June 2010

Editorial by Paul Cooper

Flaming June and the honey flow is in full swing, the supers are filling up and swarms are happening.  Oilseed rape flowers will soon have finished so make sure you get those supers out and spun before the honey sets solid. Don't wait for them to be fully capped as it may be too late. Providing nectar isn't dripping out when shaken they should be ok.

This is a short newsletter this month. I guess many contributors are too busy in the apiary to put pen to paper or fingers to keyboard.

It seems that the various recent events went very well. Congratulations to St Albans for organising Bee World at the Herts county show. Did anyone attend the Rothamsted open weekend as I'd be interested to know how it went.

A change to the way that this newsletter is distributed was discussed at the recent Exec meeting. It was agreed to phase out central printing and distribution of the newsletter and this will be taken over by the divisions. This will give savings in both time and distribution costs. I would like to personally thank Peter Mathews for many years of printing and distribution of the newsletter for both me and my predecessor, Oonagh Gabriel.

North Herts news by Christine Phillips

With the swarming season suddenly upon us our new “beeline” seems to be working very well. Helen's good planning and organisation is allowing volunteers from each area to be contacted to collect swarms and those wanting a swarm to receive one, so a big thank you Helen!


After Graham and Derrick's indoor beginners meetings, outdoor teaching began at Graham's apiary in April but will from now on be at our Stevenage Garden Centre apiary where there is, so far, one association hive and several others belonging to individual members.

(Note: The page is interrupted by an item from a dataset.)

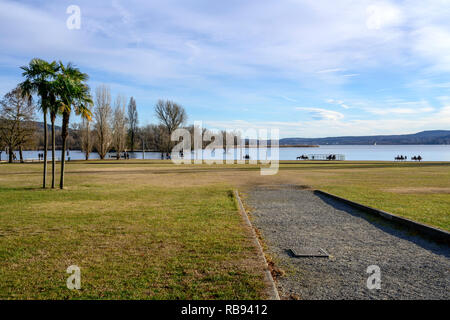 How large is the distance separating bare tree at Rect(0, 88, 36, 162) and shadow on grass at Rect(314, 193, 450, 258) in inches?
1656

Please meet in the car park at 12.00 on Saturdays.

Apiary meetings

Graham hosted the first of the year (our chairman does keep busy!) and an interesting afternoon was enjoyed by 16 people, with tea and cakes magically appearing from Graham's bus.

Nortonbury clearup was not well attended but thanks go to Dave Mathews and John Nichol and Graham.

Next meeting will be at Andy Johnston's on June 5th followed by PatVeasey's on June19th


The several public events where N. Herts BKA will have a stall are on the calendar but a new one is Stevenage Fun Day on August 22nd in the Town Centre Gardens. Anyone who would like to participate in any of these events will be very welcome either selling honey or talking about bees. It's an experience worth having at least once! Just get in touch with those running the stall or me.

North Herts news by Christine Phillips (May 2010)

The following should have appeared last month but got lost in the email.

Apologies to North Herts.

Now that our last indoor meeting of the season has passed, a long summer of bees and apiary visits and honey awaits – I hope. All dates will be on the calendar section of the website, but since the last newsletter there are a few new items:

May 15th at 2.00pm Annual clear-up at N. Herts Association apiary at Nortonbury – mainly strimming nettles and chopping down elder. All volunteers welcome.

May 28th at 7.30pm a talk on “Colony Collapse Disorder” at Letchworth Settlement (in Nevells Road, Letchworth). This is one of a series of science lectures and presumably aimed at non-beekeepers. Entry is £5 but free entry is offered to real beekeepers in return for a jar of home produced honey! Contact the Settlement to book your place on 01462 682828

June 5th and 6th. BBC Springwatch is coming to Fairlands Valley Lakes in Stevenage from 12 midday on Saturday 5th June until midday on Sunday 6th. This is linked to something called Bio Blitz and will involve 24 hours of bat watching, bumble bee recording etc. We have been invited to take part. Peter Bracey and Brian Fairey have offered to provide a display of honeybee information, honey for sale and an observation hive, for a few hours each day. As there are likely to be a lot of visitors to this event they would welcome offers of help and need 2 or 3 more people for each day. Please contact Peter or Brian if you can spare an hour or two.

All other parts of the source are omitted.